### Work instructions
The response should contain only those lines of the entries below that include the string "Court".

### Given information
--*--

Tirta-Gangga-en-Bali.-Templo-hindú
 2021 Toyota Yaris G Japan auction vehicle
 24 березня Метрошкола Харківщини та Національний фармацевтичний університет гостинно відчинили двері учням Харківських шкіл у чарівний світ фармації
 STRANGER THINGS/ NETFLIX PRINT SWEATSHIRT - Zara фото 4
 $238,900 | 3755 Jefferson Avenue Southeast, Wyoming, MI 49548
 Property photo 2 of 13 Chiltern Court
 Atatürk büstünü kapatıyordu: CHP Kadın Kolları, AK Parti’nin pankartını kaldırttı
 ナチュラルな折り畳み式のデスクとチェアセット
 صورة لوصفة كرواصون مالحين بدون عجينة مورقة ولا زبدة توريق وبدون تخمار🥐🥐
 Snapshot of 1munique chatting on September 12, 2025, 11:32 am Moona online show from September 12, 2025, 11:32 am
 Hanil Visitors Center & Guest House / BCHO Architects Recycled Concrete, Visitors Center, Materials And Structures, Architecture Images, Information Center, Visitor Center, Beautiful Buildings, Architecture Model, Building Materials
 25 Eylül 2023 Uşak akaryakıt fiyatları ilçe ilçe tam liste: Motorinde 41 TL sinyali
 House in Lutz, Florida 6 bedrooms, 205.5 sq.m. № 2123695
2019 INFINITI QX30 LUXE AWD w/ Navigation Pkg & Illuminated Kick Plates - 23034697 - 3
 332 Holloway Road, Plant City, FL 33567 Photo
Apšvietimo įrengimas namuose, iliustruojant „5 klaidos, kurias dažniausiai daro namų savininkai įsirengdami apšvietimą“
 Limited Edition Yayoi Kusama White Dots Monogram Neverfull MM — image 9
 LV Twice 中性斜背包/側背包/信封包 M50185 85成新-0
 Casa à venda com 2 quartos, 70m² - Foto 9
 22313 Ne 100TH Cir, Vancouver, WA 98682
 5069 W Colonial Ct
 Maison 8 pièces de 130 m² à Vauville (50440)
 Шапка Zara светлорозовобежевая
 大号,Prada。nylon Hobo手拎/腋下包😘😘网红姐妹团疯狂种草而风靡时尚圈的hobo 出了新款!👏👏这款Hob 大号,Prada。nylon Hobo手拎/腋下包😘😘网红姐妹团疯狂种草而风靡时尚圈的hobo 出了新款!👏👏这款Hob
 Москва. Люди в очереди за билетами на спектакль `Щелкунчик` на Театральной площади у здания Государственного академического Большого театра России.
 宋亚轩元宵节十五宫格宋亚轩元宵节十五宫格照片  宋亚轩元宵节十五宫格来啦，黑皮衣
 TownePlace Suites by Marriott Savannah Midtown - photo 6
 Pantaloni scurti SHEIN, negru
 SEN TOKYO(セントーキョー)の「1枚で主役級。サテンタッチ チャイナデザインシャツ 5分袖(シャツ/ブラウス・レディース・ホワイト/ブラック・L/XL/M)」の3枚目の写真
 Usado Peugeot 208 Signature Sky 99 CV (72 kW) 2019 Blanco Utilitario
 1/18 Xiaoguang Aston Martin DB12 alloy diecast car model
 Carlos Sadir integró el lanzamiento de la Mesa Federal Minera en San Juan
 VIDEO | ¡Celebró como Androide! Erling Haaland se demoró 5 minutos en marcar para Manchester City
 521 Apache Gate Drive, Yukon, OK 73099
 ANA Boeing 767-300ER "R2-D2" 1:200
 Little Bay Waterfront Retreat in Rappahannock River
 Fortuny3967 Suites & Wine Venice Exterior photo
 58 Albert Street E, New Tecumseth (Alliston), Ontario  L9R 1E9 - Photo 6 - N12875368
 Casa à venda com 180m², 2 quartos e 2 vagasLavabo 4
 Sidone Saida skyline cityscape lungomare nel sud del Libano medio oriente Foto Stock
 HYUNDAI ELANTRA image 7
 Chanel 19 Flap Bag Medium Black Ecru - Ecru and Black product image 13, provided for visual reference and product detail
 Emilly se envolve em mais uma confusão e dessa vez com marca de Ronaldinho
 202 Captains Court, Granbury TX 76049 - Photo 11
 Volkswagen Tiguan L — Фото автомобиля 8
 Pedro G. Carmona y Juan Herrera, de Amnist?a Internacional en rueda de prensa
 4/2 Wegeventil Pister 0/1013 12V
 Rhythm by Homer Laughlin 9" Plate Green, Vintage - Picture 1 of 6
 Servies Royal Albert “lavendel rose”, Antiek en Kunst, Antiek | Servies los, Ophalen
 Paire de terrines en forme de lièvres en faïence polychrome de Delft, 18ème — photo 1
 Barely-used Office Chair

--*--

### Answer to this problem
 Property photo 2 of 13 Chiltern Court
 202 Captains Court, Granbury TX 76049 - Photo 11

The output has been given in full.